> **Work to be completed**:
Leaving out pictures, output exactly the lines below from the one that has "T shirt homme le" through the one that has "Kvist, Dorte: Clairvoyance", and nothing else.

> **Extracted material**:
* * *

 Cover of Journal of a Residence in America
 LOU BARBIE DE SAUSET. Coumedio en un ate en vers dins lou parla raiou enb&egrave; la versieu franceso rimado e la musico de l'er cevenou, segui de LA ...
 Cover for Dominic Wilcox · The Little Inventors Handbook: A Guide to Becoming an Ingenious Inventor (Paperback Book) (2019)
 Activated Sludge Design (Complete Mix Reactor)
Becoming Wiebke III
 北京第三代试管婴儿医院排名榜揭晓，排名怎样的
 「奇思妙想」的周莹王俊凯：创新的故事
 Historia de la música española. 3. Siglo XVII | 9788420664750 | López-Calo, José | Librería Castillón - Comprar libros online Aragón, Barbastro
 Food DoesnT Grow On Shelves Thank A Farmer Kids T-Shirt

* * *

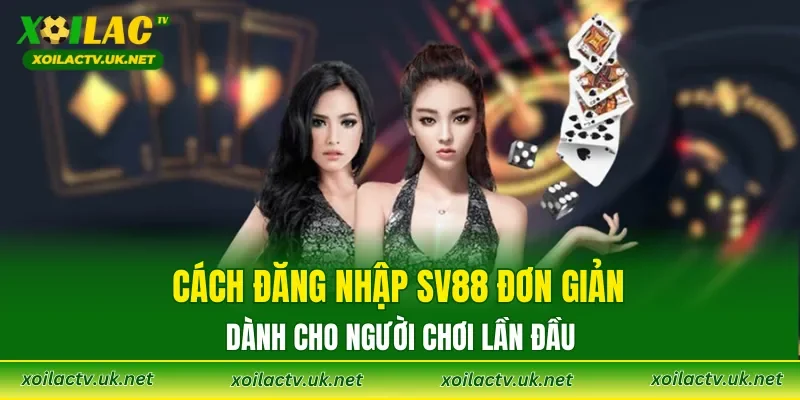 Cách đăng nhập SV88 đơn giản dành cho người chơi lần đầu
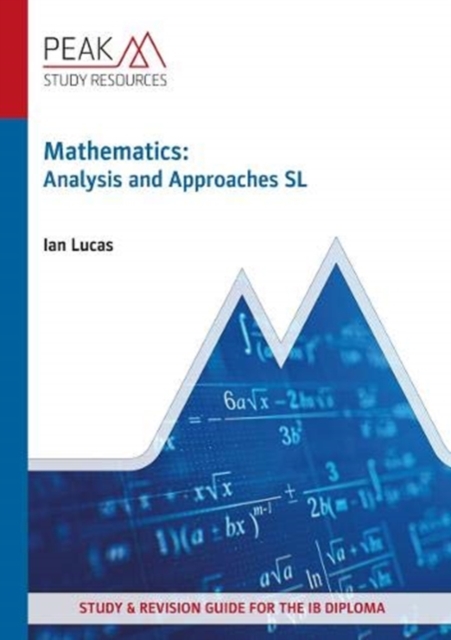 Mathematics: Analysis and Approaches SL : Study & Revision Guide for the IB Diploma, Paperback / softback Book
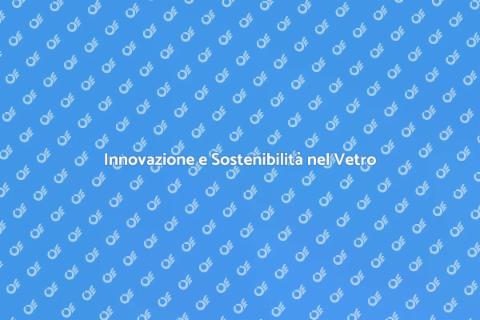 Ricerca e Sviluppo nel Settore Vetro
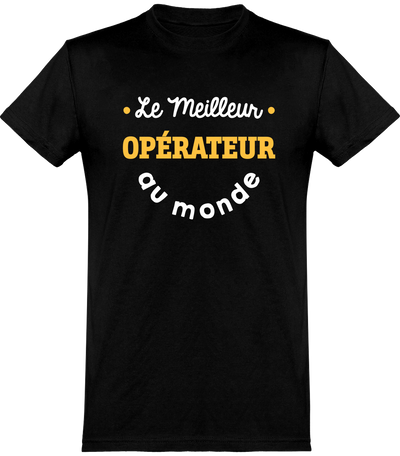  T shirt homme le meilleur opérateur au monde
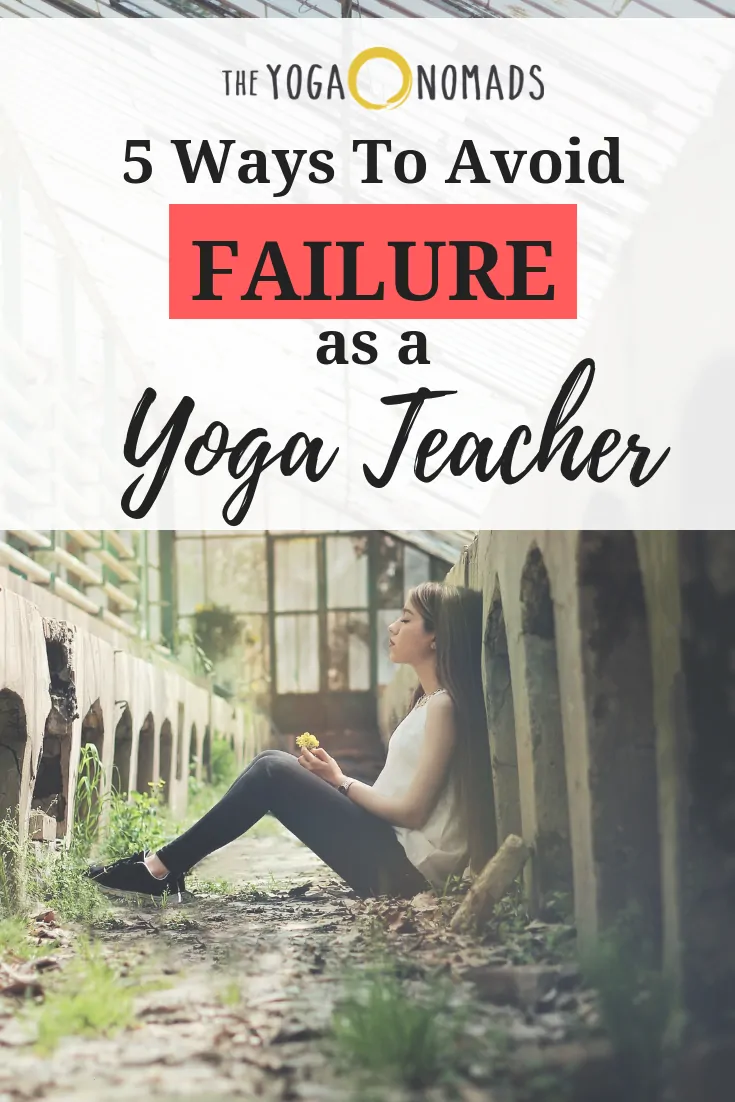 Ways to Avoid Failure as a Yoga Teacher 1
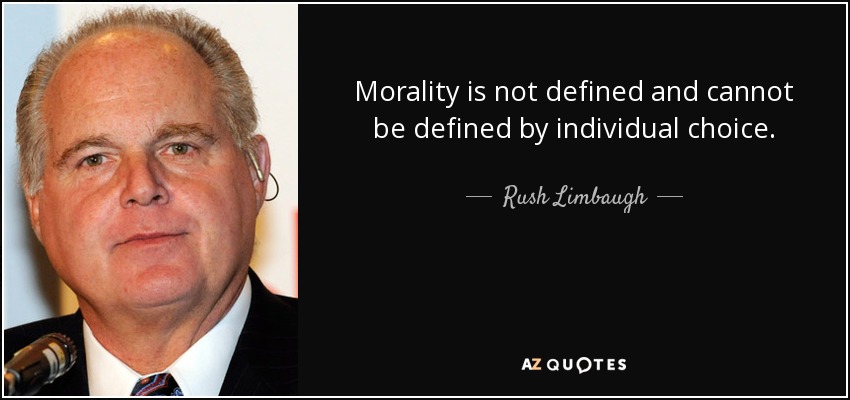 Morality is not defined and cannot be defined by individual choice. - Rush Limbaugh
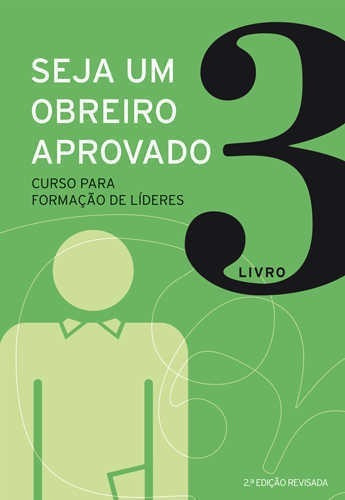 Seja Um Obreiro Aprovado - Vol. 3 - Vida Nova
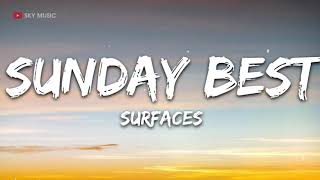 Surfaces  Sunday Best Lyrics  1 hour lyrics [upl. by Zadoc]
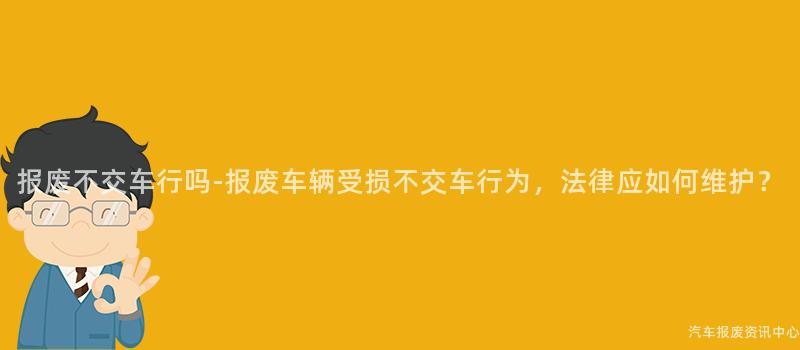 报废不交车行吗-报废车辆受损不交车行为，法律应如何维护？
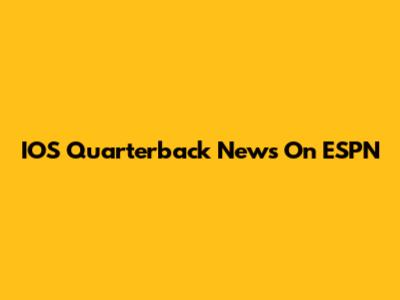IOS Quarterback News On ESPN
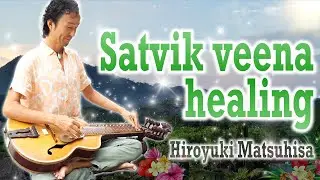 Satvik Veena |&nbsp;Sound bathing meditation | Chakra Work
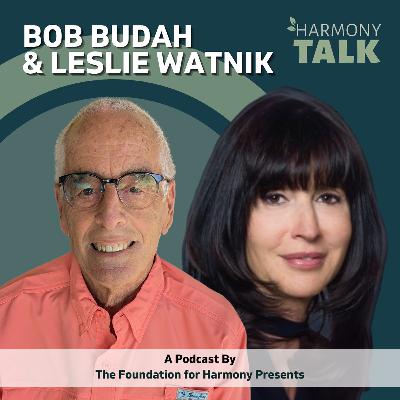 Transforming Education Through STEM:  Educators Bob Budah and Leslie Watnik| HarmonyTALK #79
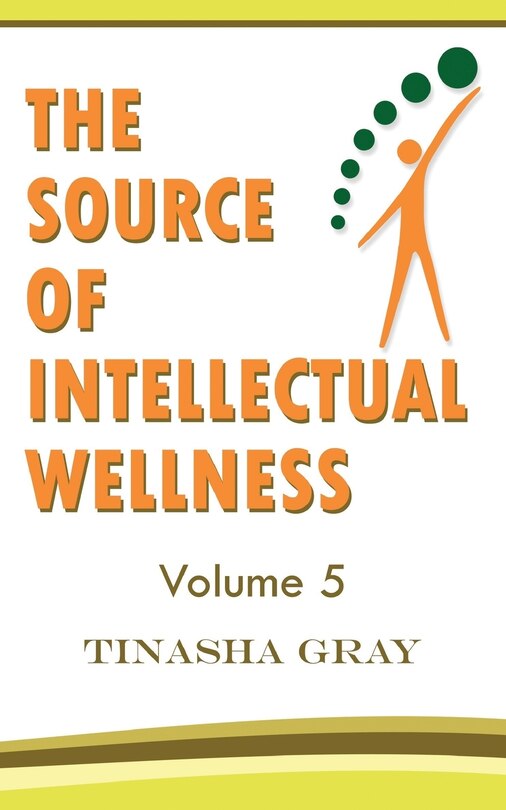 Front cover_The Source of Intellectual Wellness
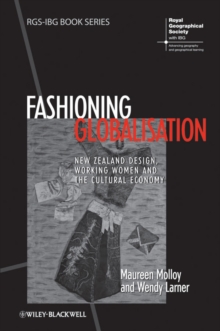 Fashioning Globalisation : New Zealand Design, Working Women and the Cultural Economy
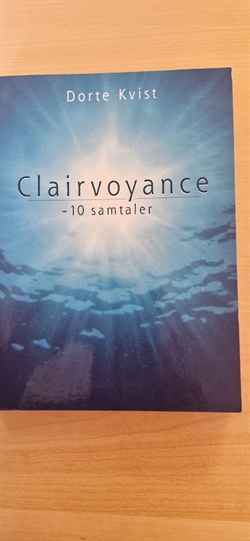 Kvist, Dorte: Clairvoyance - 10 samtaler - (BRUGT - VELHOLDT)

* * *

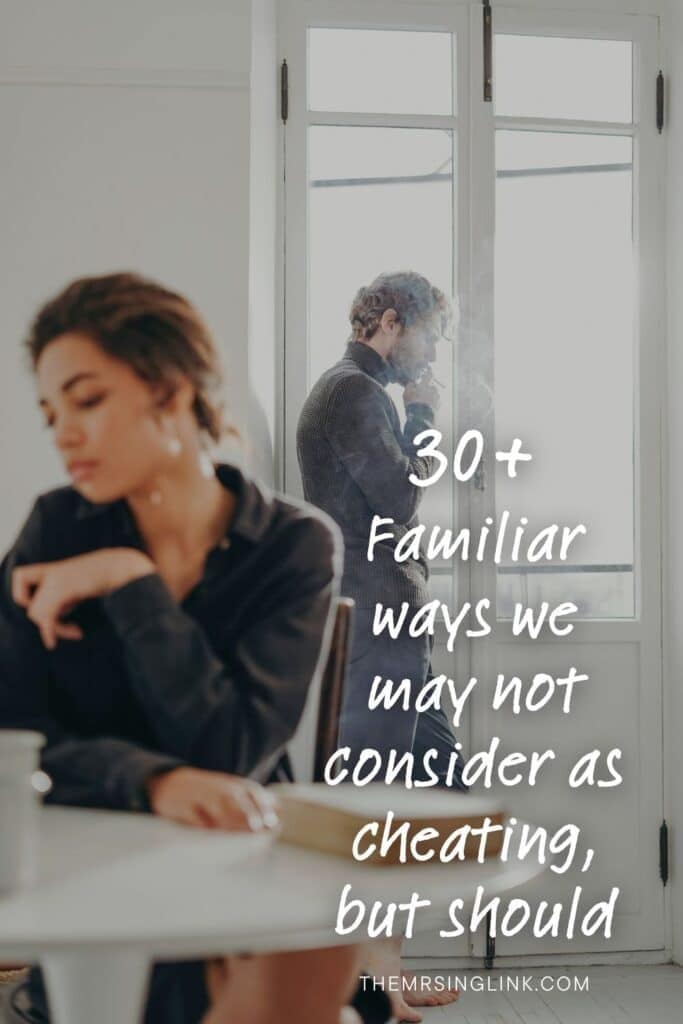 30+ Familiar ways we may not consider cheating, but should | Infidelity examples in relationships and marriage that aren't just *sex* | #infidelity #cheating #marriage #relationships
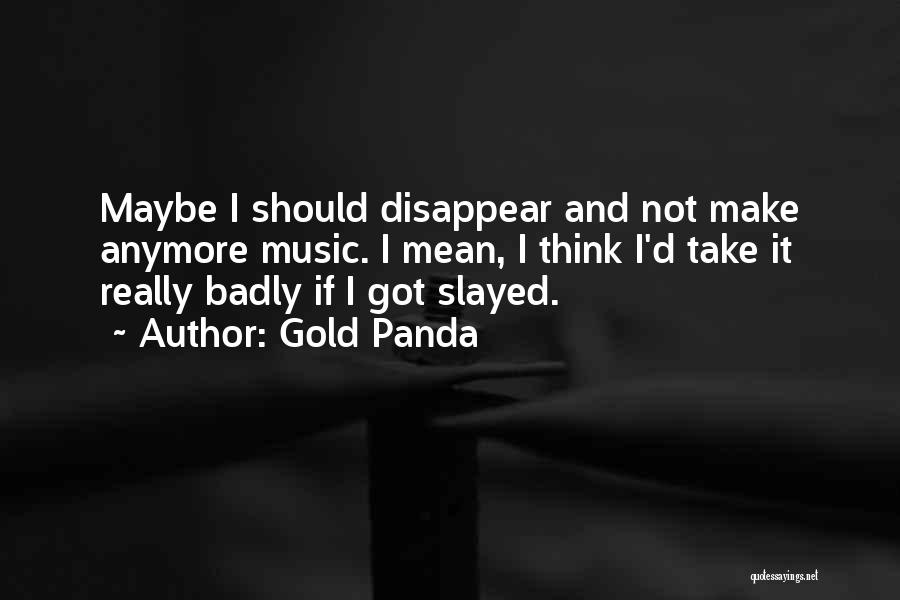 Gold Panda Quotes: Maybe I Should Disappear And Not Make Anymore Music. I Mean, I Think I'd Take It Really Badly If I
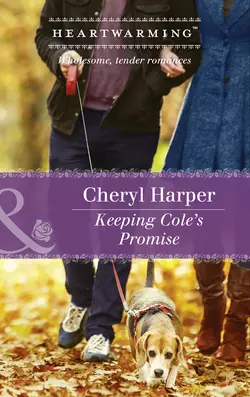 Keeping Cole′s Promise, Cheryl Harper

* * *

> **Problem solution**:
  T shirt homme le meilleur opérateur au monde
 Ways to Avoid Failure as a Yoga Teacher 1
 Morality is not defined and cannot be defined by individual choice. - Rush Limbaugh
 Seja Um Obreiro Aprovado - Vol. 3 - Vida Nova
 Surfaces  Sunday Best Lyrics  1 hour lyrics [upl. by Zadoc]
 报废不交车行吗-报废车辆受损不交车行为，法律应如何维护？
IOS Quarterback News On ESPN
 Satvik Veena |&nbsp;Sound bathing meditation | Chakra Work
 Transforming Education Through STEM:  Educators Bob Budah and Leslie Watnik| HarmonyTALK #79
 Front cover_The Source of Intellectual Wellness
 Fashioning Globalisation : New Zealand Design, Working Women and the Cultural Economy
 Kvist, Dorte: Clairvoyance - 10 samtaler - (BRUGT - VELHOLDT)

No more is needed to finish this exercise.